L’impegno civile di Stefano Angelillo è stato invece la cifra caratteristica di “Taranto R.I.P.”, storia i operai e di fabbrica ma anche e sopratutto del devastante impatto ambientale dell'Ilva nei confronti del territorio e della popolazione.
L’amore contrastato ma anche appagato ha fatto invece il suo ingresso con il riuscito corto “Il primo appuntamento” di Francesco Pagano girato in bianco e nero.
Pagano ha inteso soprattutto raccontare una storia e fare un omaggio al cinema che torna a raccontare le storie.

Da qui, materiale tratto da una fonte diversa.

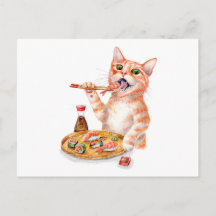 Sushi Cat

Il quarto corto del secondo blocco è stato “E spingi il furgone della psichedelia” di Matteo Codignola che attraverso un serrato gioco di immagini e di musica ha portato gli spettatori nelle atmosfere “stupefacenti” dei Pink Floyd.
Ha chiuso il secondo blocco “Perchè mi saluti” di Matteo Gamboni: una storia dei nostri giorni che si apre con il mondo di face book per ricordarci che la quotidianità può essere anche fatta di tecnologia ma nel contempo di ironia.
Gianfranco Cordì, infine, ha ufficialmente chiuso “Hypergonar” per quest’anno con “L’etoile de Mer”, film del 1928 realizzato attraverso una messa in scena di Man Ray.
Le immagini sgranate, che all’inizio ricordano i quadri di Renoir, hanno portato gli spettatori verso l’inizio di una storia, quella cinematografica, il cui impulso vitale e la cui grande prospettiva ancora oggi continua ad affascinarci.